2. Per i contribuenti.
Quelli che forse dovrebbero gioire sono gli altri italiani. Coloro che non lavorano per il settore pubblico, e che pagano le tasse. Il contratto da 70 euro, unito alla riduzione degli organici programmato per i prossimi anni, farà risparmiare parecchi soldi allo Stato. Ridurre il costo del personale è una cosa molto negativa per il personale, ma molto positiva per il paese. In questo momento vanno di moda le ricette economiche keynesiane, e tutti consigliano al governo di aumentare la spesa pubblica per sostenere i consumi e favorire la ripresa.

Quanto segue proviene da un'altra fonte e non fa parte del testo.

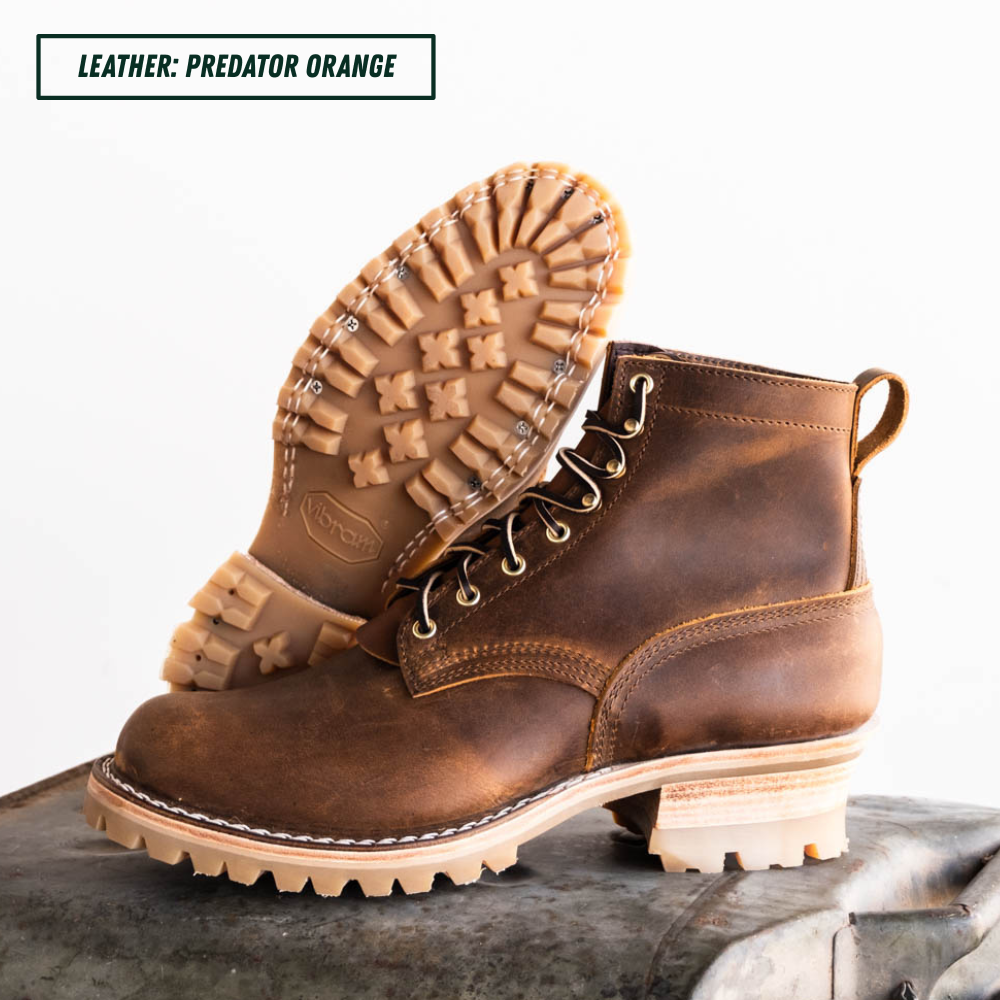 A pair of rugged lace-up ankle boots in distressed brown leather, with one boot standing upright and the other tilted to show the sole. The text 'LEATHER: PREDATOR ORANGE' appears in the top-left corner.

Ma per Keynes - che era un genio - la spesa pubblica non era mica tutta uguale: c'è spesa e spesa. Personalmente, rimango dell'idea che lo Stato italiano ha ancora bisogno di ridurre le sue spese correnti (cioè pensioni e stipendi dei dipendenti pubblici), mentre le poche risorse disponibili andrebbero concentrate sugli investimenti (cioè ferrovie, porti, reti tecnologiche, ricerca scientifica, volendo anche istruzione). Un investimento è una spesa che mi garantirà un reddito maggiore nel futuro. Una spesa corrente è una spesa e basta.
Certo, non tutti i contribuenti sono uguali. Per i lavoratori autonomi, un risparmio sui contratti pubblici è sicuramente un affare. Per i dipendenti delle imprese invece il discorso è più complesso: risparmieranno sulle tasse, ma ci rimetteranno sui loro stipendi, perché il 3,2% di rivalutazione concesso ai pubblici farà da parametro per i contratti nazionali dei privati.

3. Per il governo.
Non c'è dubbio: dalla vertenza sul pubblico impiego chi esce sicuramente vincitore è il governo. Con il protocollo d'intesa si è garantito un biennio di moderazione salariale. Ma soprattutto, è riuscito a spaccare il fronte dei sindacati confederali. E' un successo politico. Isolare la Cgil è stato sin dall'inizio un obiettivo primario del centrodestra, soprattutto di quell'area del centrodestra che fa capo a Sacconi e Brunetta. Con la Cgil e la Cisl che si fanno la guerra, il Partito democratico si trova in forte imbarazzo. Lo si è visto già lo scorso 25 ottobre al Circo Massimo: Walter Veltroni ha potuto sfogarsi sulla scuola (dove i sindacati sono rimasti uniti) ma riguardo al pubblico impiego è dovuto rimanere sul generico, per evitare di scontentare l'una o l'altra confederazione.
Per il governo Berlusconi, un accordo separato senza la Cgil ha un valore politico altissimo. Ecco perché Brunetta ha ottenuto il via libera da Palazzo Chigi, nonostante l'opposizione del ministro dell'Economia Giulio Tremonti, che non voleva concedere neppure quei pochi soldi necessari a raggiungere l'accordo.

Ma dei contrasti fra Tremonti e Brunetta parleremo nei prossimi giorni.